Speaking with n8n support, they suggested enabling stickiness on the ALB. I’ve done this and the problem is still there, it’s also set on the target group. I’ve looked through the flow logs and can’t spot anything obvious. My guess is websockets are causing the problem but I’m out of ideas on how to fix it.
Infrastructure is basic:
ALB (port 443 with cert) → Fargate (port 5678)
What is the error message (if any)?
Problem running workflow
Can’t connect to n8n.
Information on your n8n setup
n8n version: latest and previous versions over the last month
Hey @nmeneil hope you are doing great!!Could you share mode details about the workflow that you are trying to run? May be more details about your AWS configurations? I have some experience running ECS self-hosted installations so may be I could help! Happy to read your comments
Hey @Gonzalo_Romero_Herna thanks for the reply.
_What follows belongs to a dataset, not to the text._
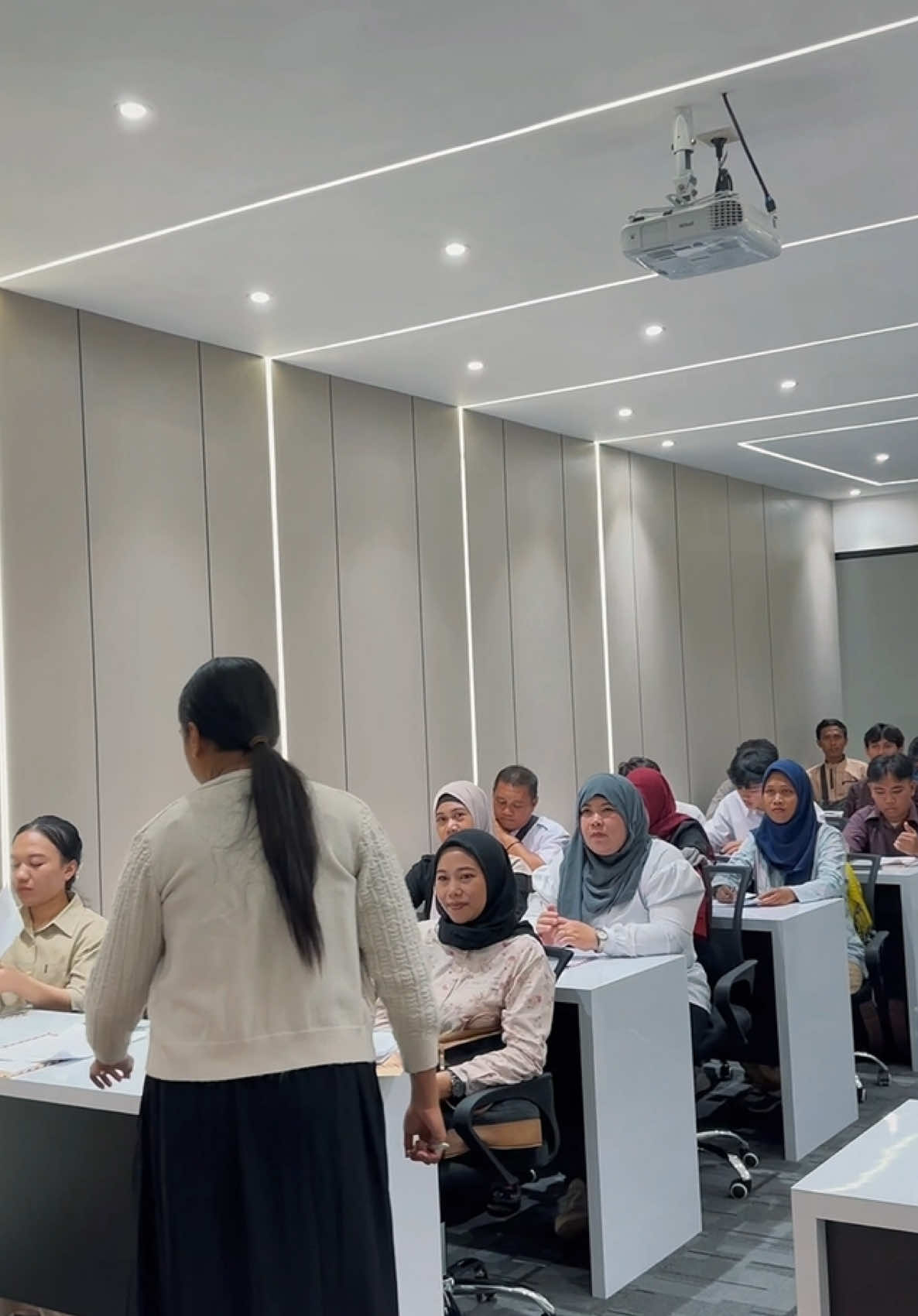 Last day loker pstore, kamu mau apa?@Putra Siregar  #fyp #foryou #iphone #minrab 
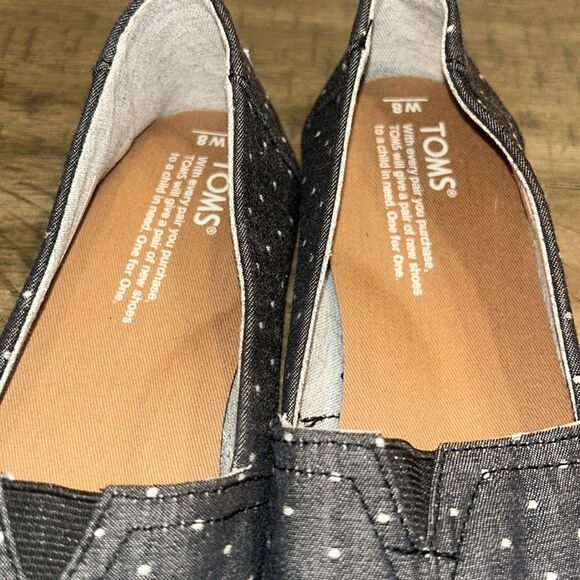 NWOT TOMS Slip on flats size 8 - Picture 3 of 10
The workflow I’ve used for testing is about as basic as possible, it’s a trigger node and one http request node. The http node executes on local in around 2 seconds.
I’ve been trying various combinations since I posted. I’ve now installed ngnix in the container, switched over to ‘sse’ from ‘websockets’ with ngnix proxying from the ALB over port 8080 → n8n all within the same container. This has resulted in it working 40% of the time now, it just hangs for the other 60%. Saving the workflow also hangs at random. There are no errors in the logs.
For AWS, again it’s a simple config. The ALB has a cert which terminates the connection over https and forwards it onto the target group over port 8080. We block all ports apart from 443 going to the ALB. I have used the same setup for many other ECS deployments and they all work fine, just not n8n.
I like n8n and want to put a business case forward for obtaining the business license but sadly, I’m reaching the end now. It’s getting impossible to justify investing the time it in. I’ll give it one last go and then call it a day.
@nmeneil yea, that seems pretty weird. I was executing some testings in two of my self-hosted installations (different infra) but I was not able to reproduce the error since I ran the workflow described successfully over and over again. My suspect is that could be related to an unexpected behavior due an environment variable. I was taking some other cases reporting the same issue (under other scenarios) but no concrete solutions so far. Is it possible to share your current environment variables set?